The accelerator is following a model similar to those of Oasis 500 and Flat6Labs, in Amman and Cairo respectively, in which the accelerator offers funding, mentorship, and a workspace, but only after selected startups go through a free-of-charge pre-acceleration phase (check out our list of accelerators in the MENA region). In Avatech's case, of the 20 teams offered this pre-acceleration program, only 10 teams will move on to the real acceleration phase.
This phase, he says, “is quite necessary” given how new the accelerator concept is in Iran. “We want the entrepreneurs to feel the value of an acceleration… and at the same time, we want to see the level of commitment of those teams, and see them in action” to better evaluate their potential and vision, he explains. “It's quite different from what you might see at YCombinator or TechStars, because they are operating in mature scene,” he says. “We need to come up with something customized to our community.” The accelerator will provide training and mentorship during this initial phase.
The 10 selected teams will then be offered a four month acceleration program, and funding.
The investment made by Avatech is relatively low.
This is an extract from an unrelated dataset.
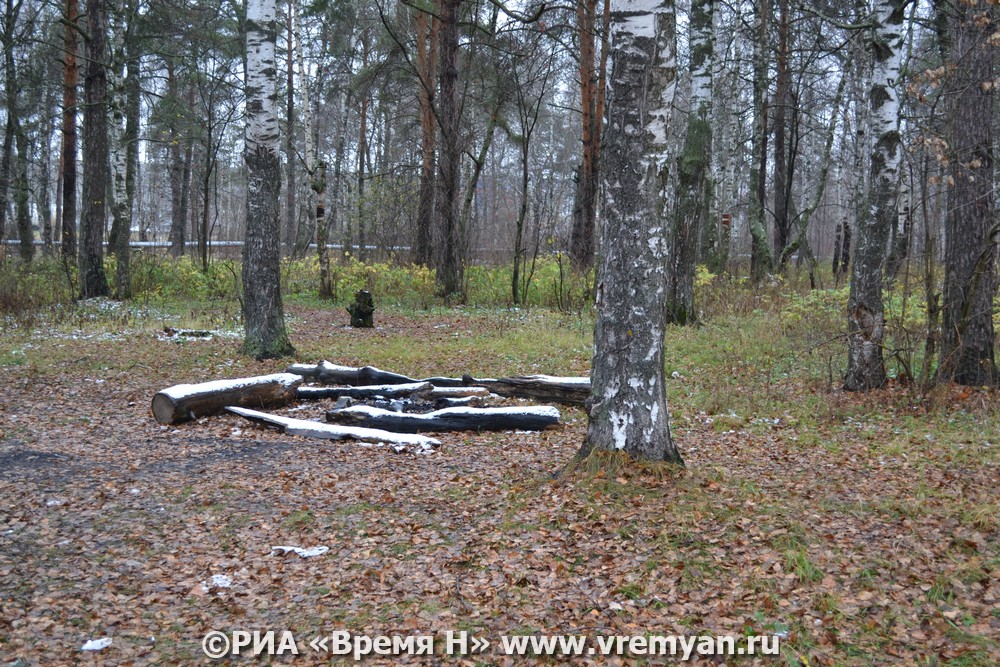 Предприниматель незаконно нарубил деревьев на 3,2 млн рублей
It amounts to 25 million tomans (about $8,000 USD) for 15 percent equity, compared to that of Oasis500 ($31,000 for 5 to 20 percent equity) and Flat6Labs ($15,000 for 10 to 15 percent equity). Malayeri, who pointed out that “you should be living quite well with $200 to $400 per month in Iran,” believes that this is should be enough to run a startup for four months since they don’t charge startups for services or space.
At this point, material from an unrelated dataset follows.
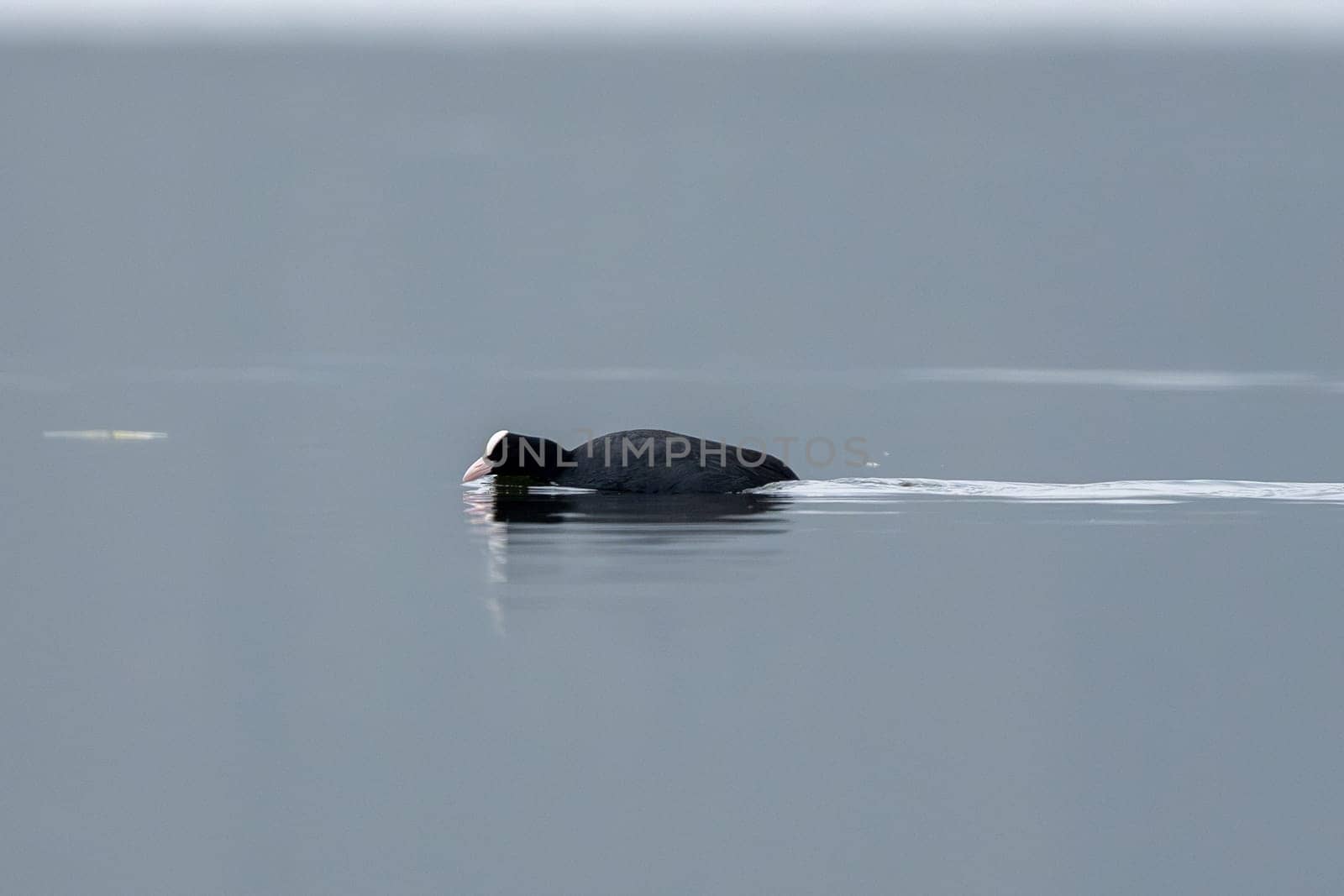 Eurasian Coot Bird Searching For Food While Swimming In The Lake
The coworking space is currently under construction.
After the initial period, the startups will in theory be able to raise more funds among local and international investors as a result of a demo day Avatech will put together.
Because there are not enough tech investors compared to the demand, the accelerator is going to have to reach out to non-tech investors, explains Malayeri. The accelerator manager is already working on surmounting a major challenge: educating traditional investors on how to invest and build fruitful relationships with startups. Malayeri has already started involving traditional investors to make sure that they’ll be ready in time for the Demo Day.
Another reason for taking 15 percent equity is the Class A mentorship, he says. The manager has put together quite an impressive team. Malayeri co-founded the accelerator with serial entrepreneur Said Rahmani, and Malayeri himself is no stranger to the Iranian startup scene. Himself an entrepreneur – he founded the leading online advertising platform in Farsi, Anetwork – he has worked with local startups for quite a while, having also co-founded the Iran Entrepreneurship Association, Tehran’s leading non-profit focused on building a startup ecosystem in Iran. Finally, he’s hosted over a dozen Startup Weekend events. Also on the team is Sara Usinger, who has been managing a coworking space and incubator in Germany.
Many Iranians from the tech diaspora have also signed up to help the local startups, as well as international mentors (including Wamda’s CEO Habib Haddad).
The manager wouldn’t disclose the amount of the accelerator’s own fundraising round, but said it took him two years to raise money from private funds, but that this will be enough to guarantee the accelerator’s daily expenses, as well as its expansion plan for the next five years. This expansion, he says, has yet to be determined, but could be either vertical (sector-focused) or horizontal (location-focused).